We know how to factor that, right?
(A-B)(A+B)

Now, what to do with (B-1} that we left out? Since we're dealing with difference of squares, let's play with \sqrt{(B-1)} and stick that to A to get:
(A\sqrt{(B-1)} - B) (A\sqrt{(B-1)} + B)
If you put the minus sign back into the expression above to get
-(A\sqrt{(B-1)} - B) (A\sqrt{(B-1)} + B)
And multiply it out, you should get back to the original expression:
-(A^2(B-1) - B^2)

After you've verified that
-(A\sqrt{(B-1)} - B) (A\sqrt{(B-1)} + B)
is indeed the factor of the first expression of this post, then all you have to do is replace A and B with its original forms.

So there. You've basically factored that complex equation with a few sleight of hands coupled with trial and error.

 

[ManyNames]

Certainly NOT what i had in my mind lol

Thank you, i will memorize this process for future solving.

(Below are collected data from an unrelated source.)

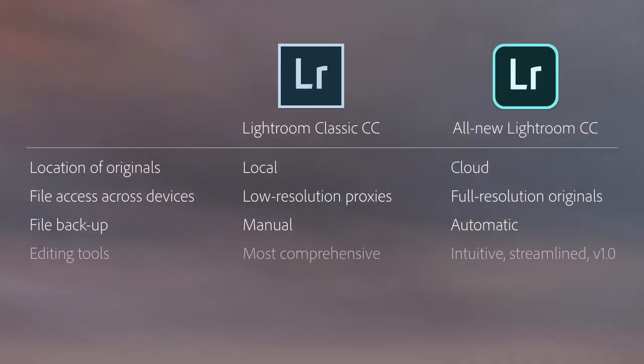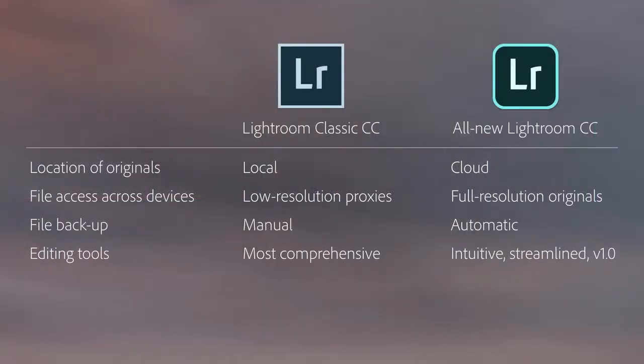The fourth difference is the depth of editing controls. Lightroom Classic has the highest quality and most powerful non-destructive image editing technology in the industry. While the team's intent is feature parity across the products, we're not there yet in version 1. But remember, the first version of Lightroom, a decade ago, didn't even have the crop tool.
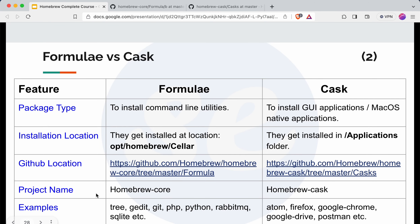Some examples for formula are tree, gedit, git, PHP, Python, or any programming language — because these are not GUI applications, they are command line utilities. So all the programming languages come under formulas. Then RabbitMQ, SQLite, etc. I have mentioned only a few but there are a lot of applications and utilities present in the homebrew project.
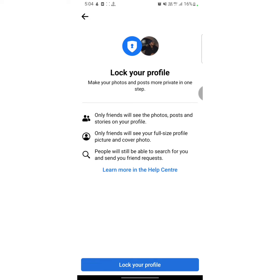Now you have to know what that means. If you lock your Facebook profile, then no one will be able to see your posts and information — only your Facebook friends can access them. So it's a very good option to make your Facebook profile private.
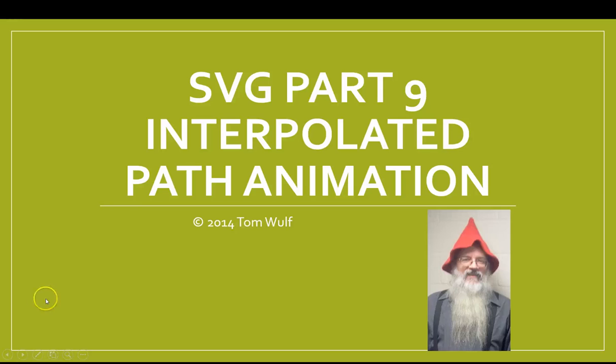Alright, continuing our series on SVG, now we're going to look at interpolated path animation.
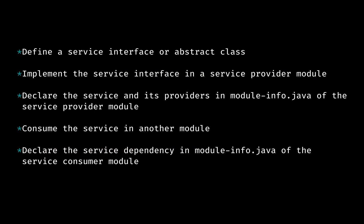To define and use services in Java modules: One, define a service interface or abstract class. Two, implement the service interface in a service provider module. Three, declare the service and its providers in module-info.java of the service provider module. Four, consume the service in another module and declare service dependency in the module-info.java of the service consumer module.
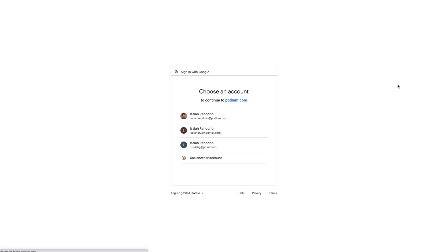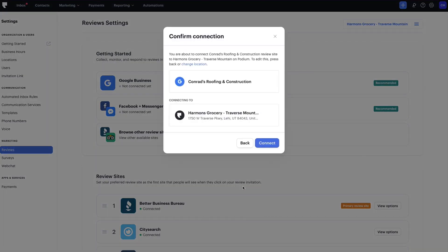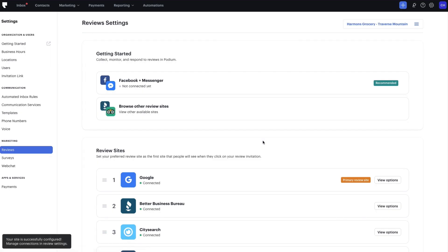From here, either sign in or select the Google account your Google Business Profile is under. Now you'll need to grant Podium access to your Google Business Profile page. Next, confirm you are about to connect the selected location. Once you click Connect, you'll be brought back to the Review Settings page.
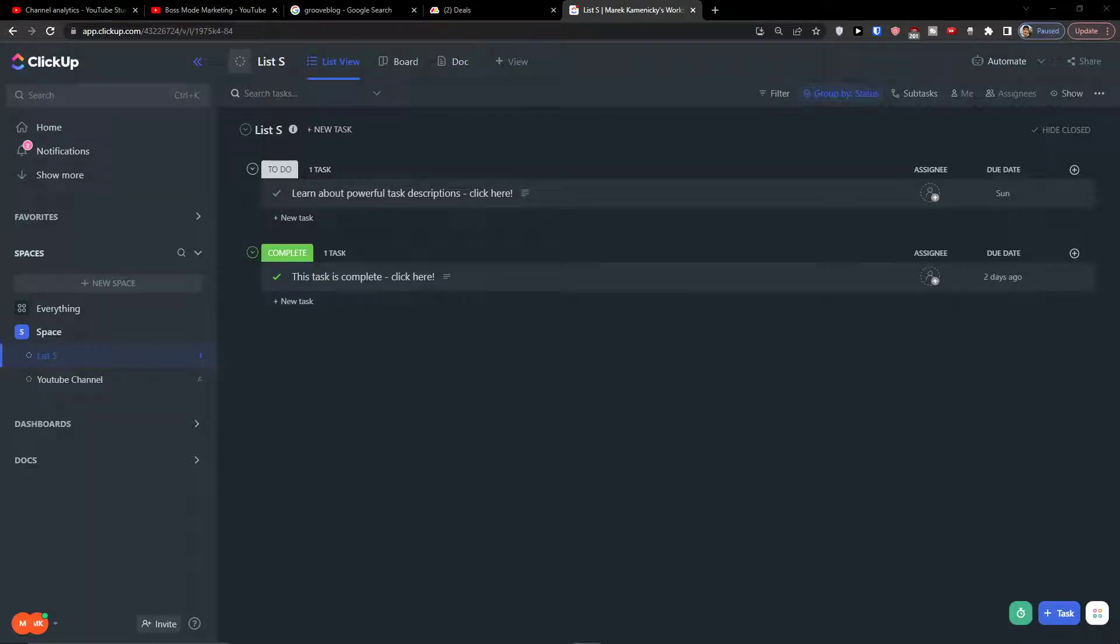Hey there guys, my name is Markus and in this video I'll show you step by step how we can easily use the timeline view in ClickUp.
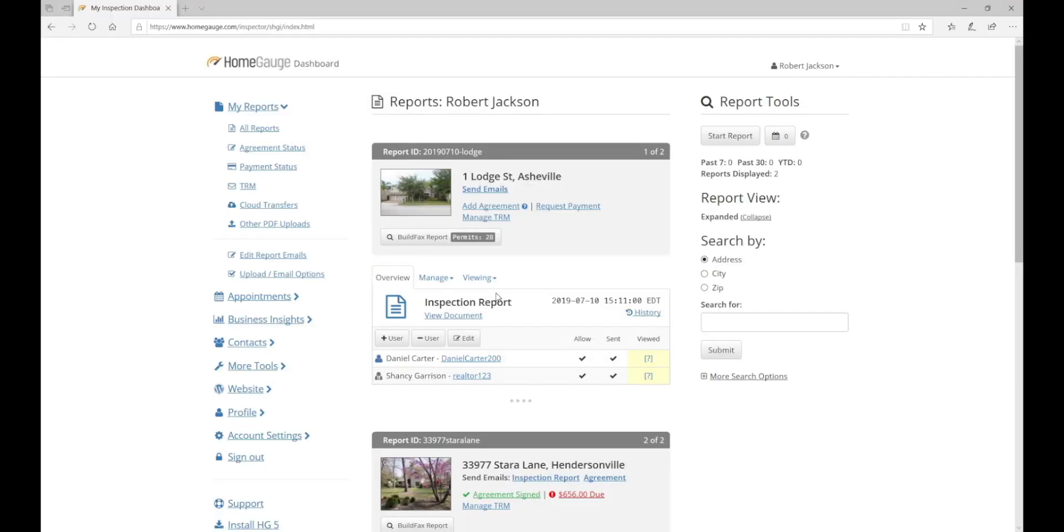To set up your online agreements, begin by logging into your HomeGage dashboard and finding the Appointments category in the navigation menu down the left hand side of the web page.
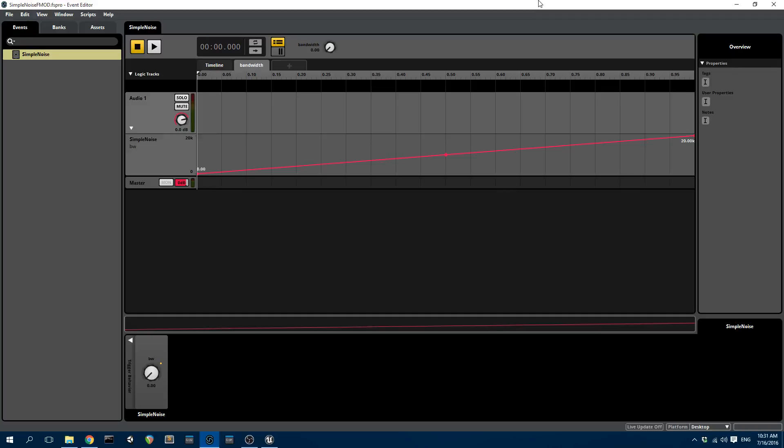Hello and welcome to this very quick tutorial on how to use CSound within FMOD and bring it into Unreal Engine.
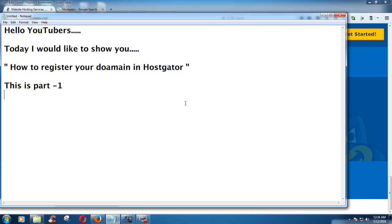Hello YouTubers. Today I would like to show you how to register your domain in Coscator. This is part one. You can watch the other two parts from this channel.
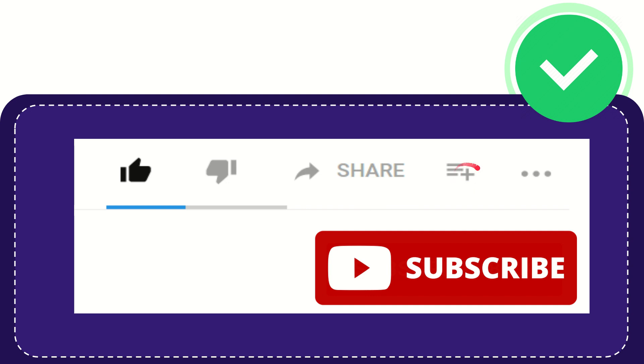You can watch this video later and you can find more options by clicking these three dots. Don't forget to subscribe, I think that's all of it. Thank you so much for watching this video and see you again in another video, bye-bye.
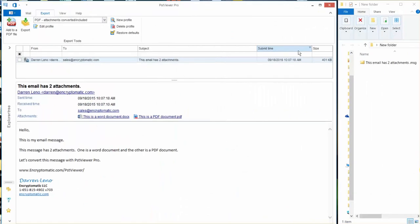Hi everybody. Today we're going to show you how to convert an email message and its file attachments into a PDF document. We're going to do it in a way that converts the email attachments so that they appear in the PDF document. We're using PST Viewer Pro software.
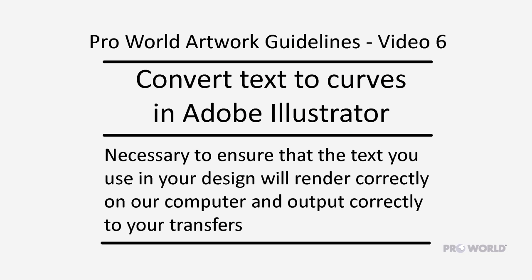This video demonstrates how to convert text to curves in Adobe Illustrator. This is necessary to ensure that the text you use in your design will render correctly on our computer and output correctly to your transfers.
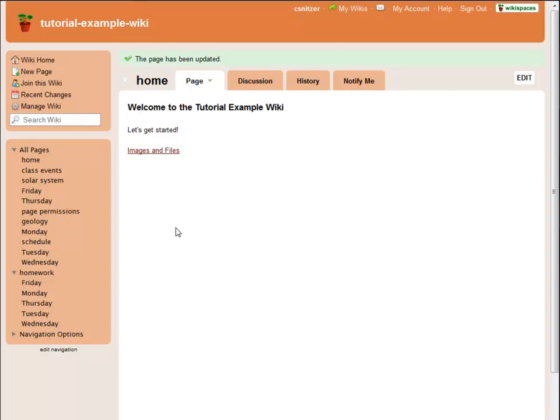Hello. Carol from Wikispaces here. In the next few minutes, I'm going to introduce you to a few of your options for setting up navigation in your wiki.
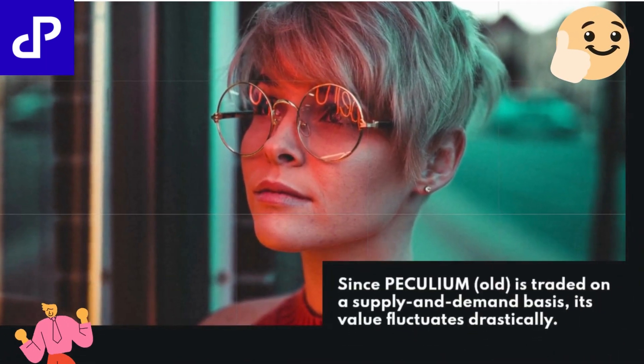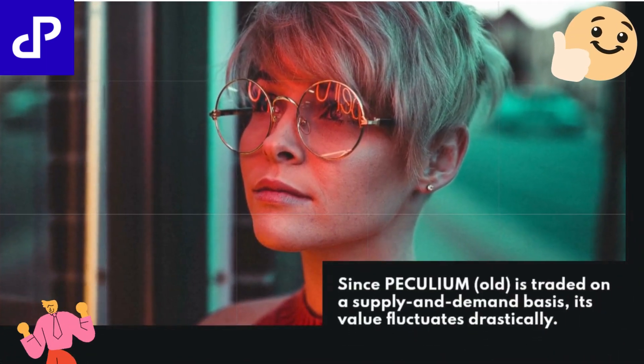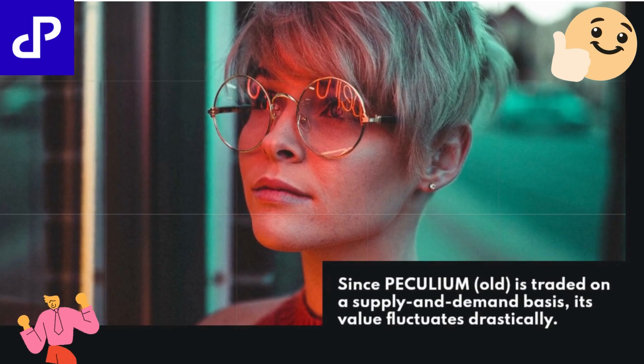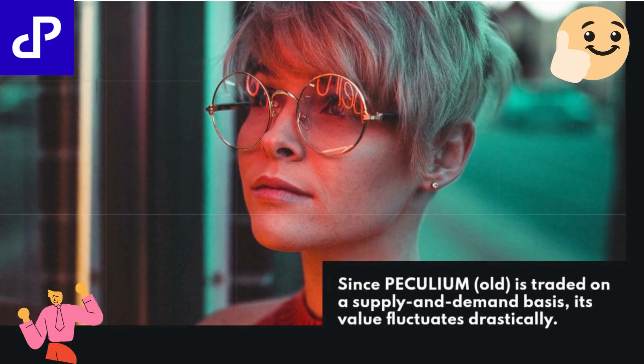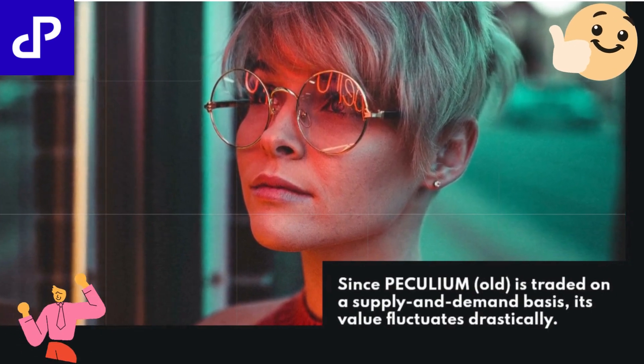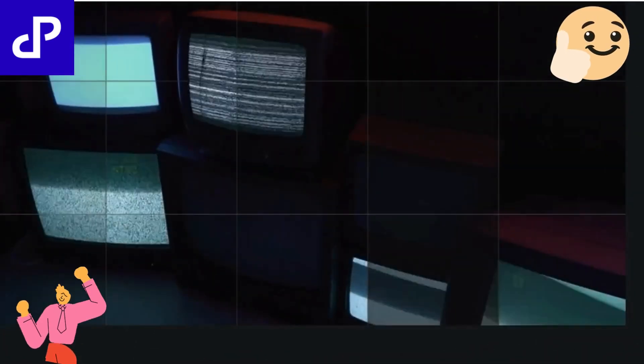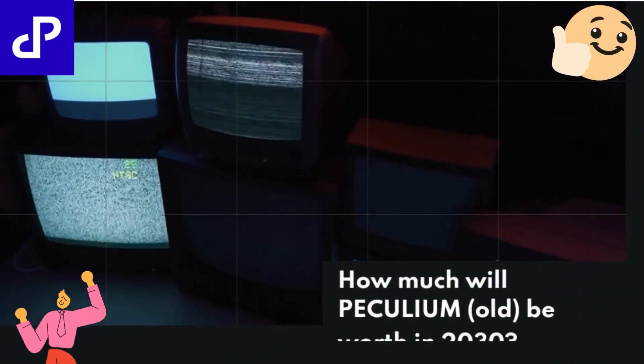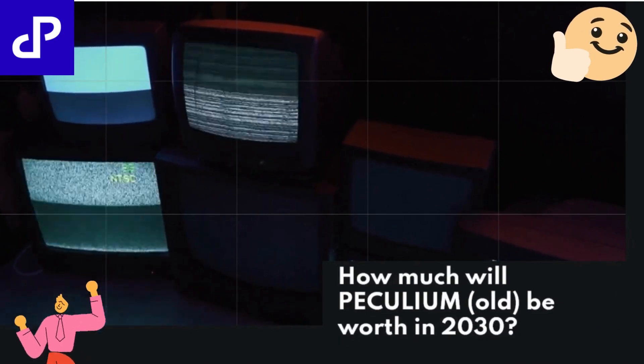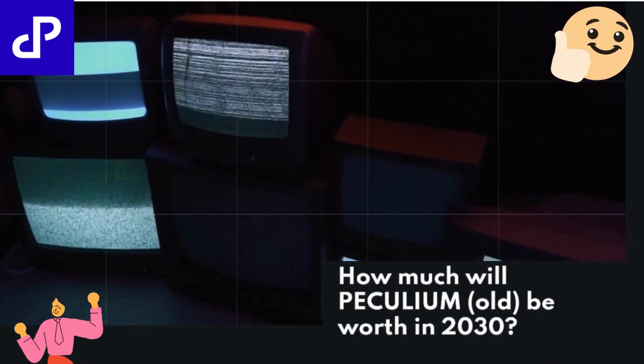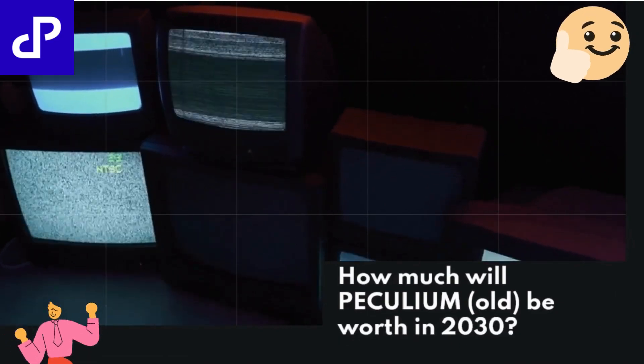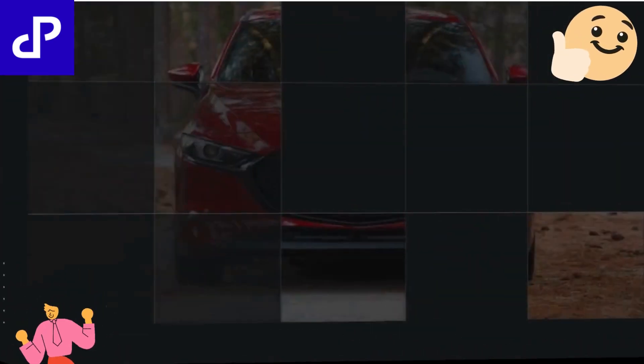Since PECULIUM OLD is traded on a supply and demand basis, its value fluctuates drastically. How much will PECULIUM OLD be worth in 2030?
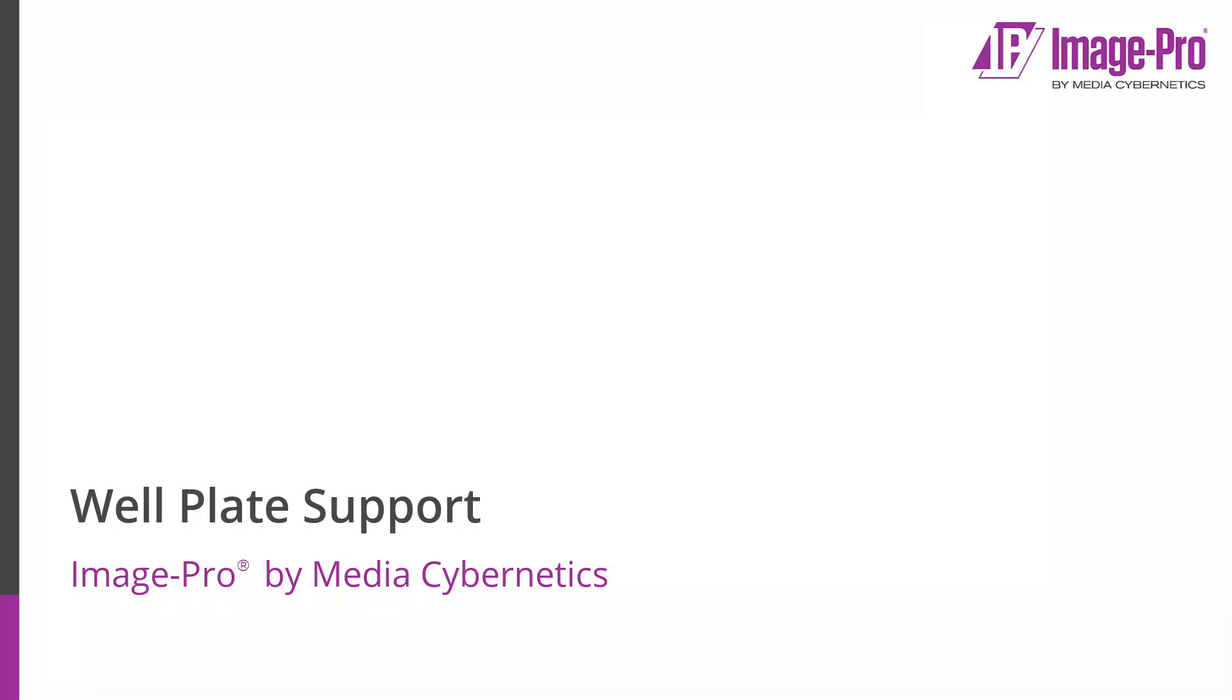Hello, thank you for joining me. In this short video I'm going to talk about multi-well plate support in ImagePro.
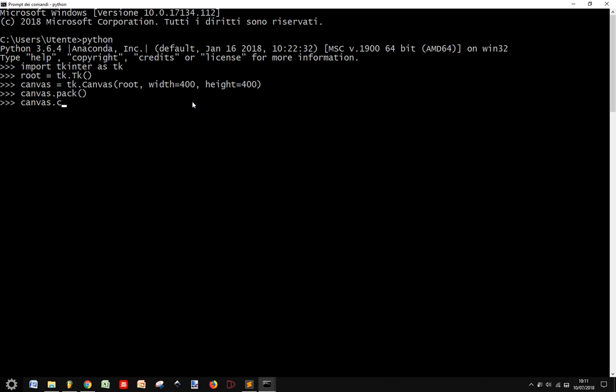Now we create a rectangle at 0, 0, 100, 100 as coordinates on top left and bottom right. Then we're going to fill it in color, let's say red. Close this parenthesis.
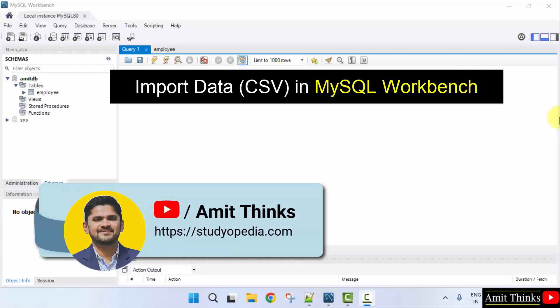In this video, we will learn how to easily import data in MySQL Workbench.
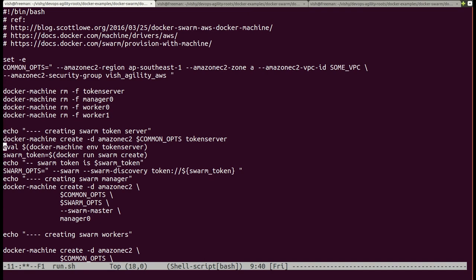The first step is to create a swarm token server. This token server's only job is to provide a swarm token, which is then used by all members of the swarm to register themselves with the discovery. All Docker Machine commands use the Amazon EC2 driver, and then I specify the common options and create a Docker machine named 'token server'.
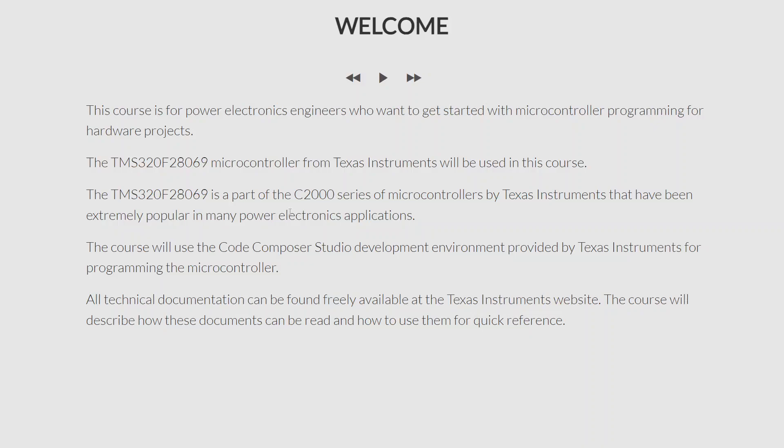In this course I will be using the Code Composer Studio development environment provided by Texas Instruments. This is a completely free integrated development environment that not only provides a code editor but also provides an entire integrated environment where you can compile your projects, download them to the microcontroller, and also execute the code on the microcontroller, as long as the microcontroller is connected to the host computer by a USB cable. This Code Composer Studio environment is an extremely useful and powerful application provided completely free by Texas Instruments.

Nice to meet you, and thanks for your patience.

 

[ManyNames]

That's brilliant. It works out fine.

 

[noumed]

No problem. The idea is not to memorize any cookbook process. It's to break down a complex problem into small parts that you are familiar with. That's why in most exams your professor or teacher might ask you to state all the known equations that are relevant to the problem before you attempt a solution. Keep that in mind, practice diligently, and you should do great.

 

[ManyNames]

Argh, I'm dead chuffed. I would never have been able to solve it on my own... well maybe, but i would have took time.